**Work to complete:**
Once the line containing "Futuristic lab research" is found in the records below, return it and each following line exactly, up to and including the line containing "Fairy Floral God", and nothing else.

**Material provided:**
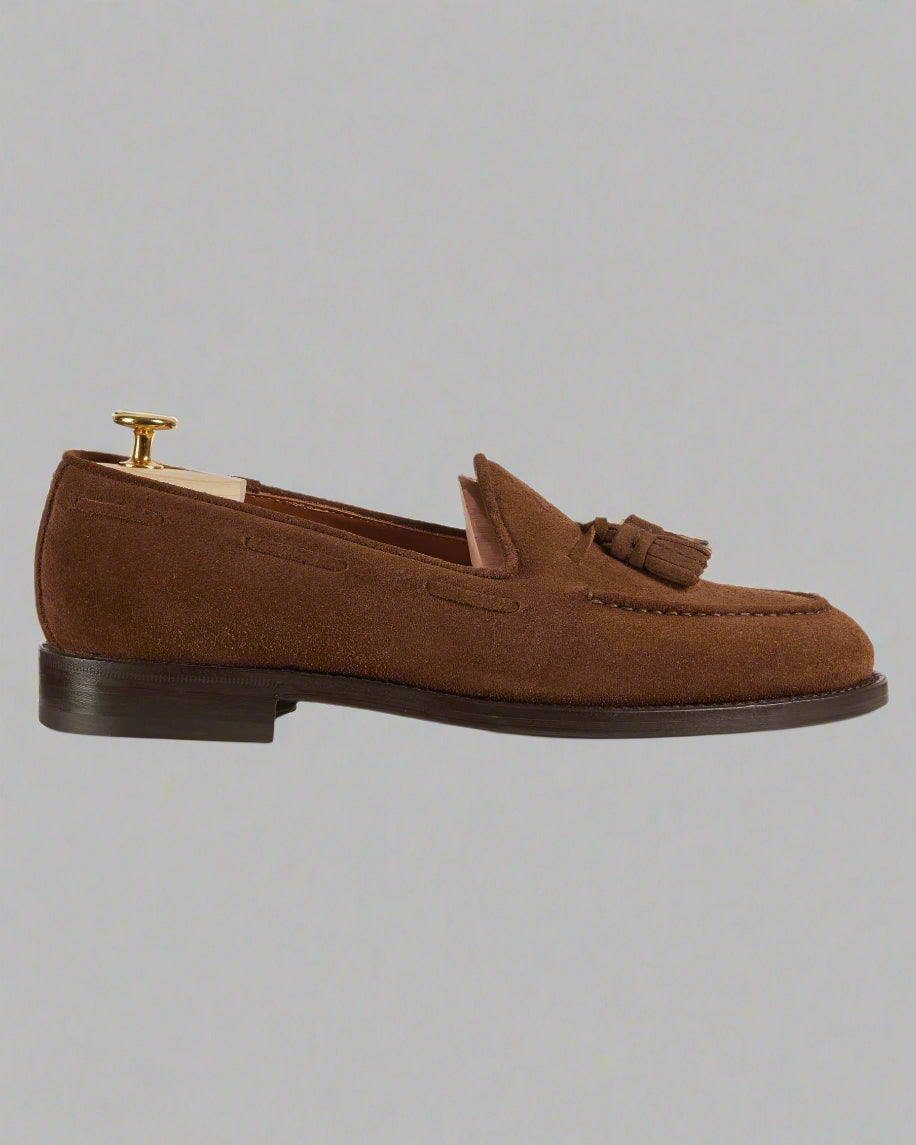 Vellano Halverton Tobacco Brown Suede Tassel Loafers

--

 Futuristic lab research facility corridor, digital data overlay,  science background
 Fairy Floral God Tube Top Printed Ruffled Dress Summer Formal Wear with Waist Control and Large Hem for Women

* * *

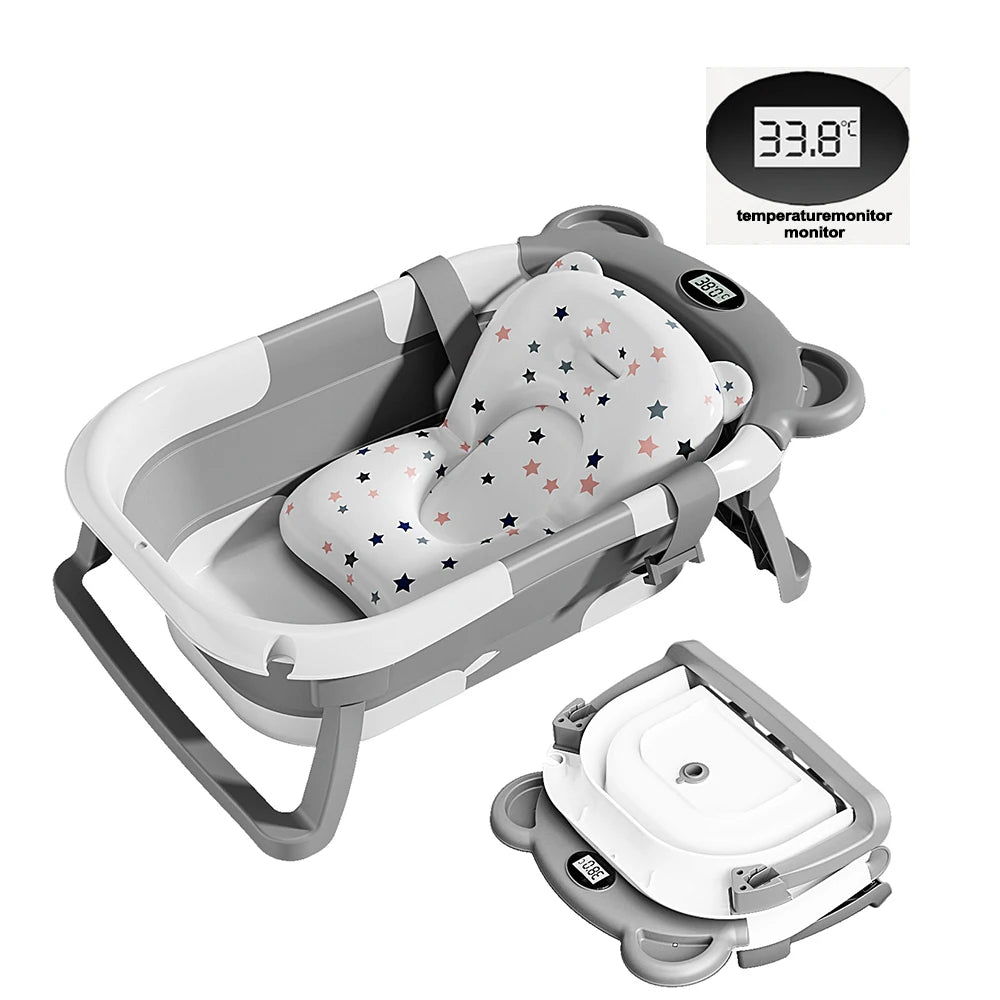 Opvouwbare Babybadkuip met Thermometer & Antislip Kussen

**Answer box:**
 Futuristic lab research facility corridor, digital data overlay,  science background
 Fairy Floral God Tube Top Printed Ruffled Dress Summer Formal Wear with Waist Control and Large Hem for Women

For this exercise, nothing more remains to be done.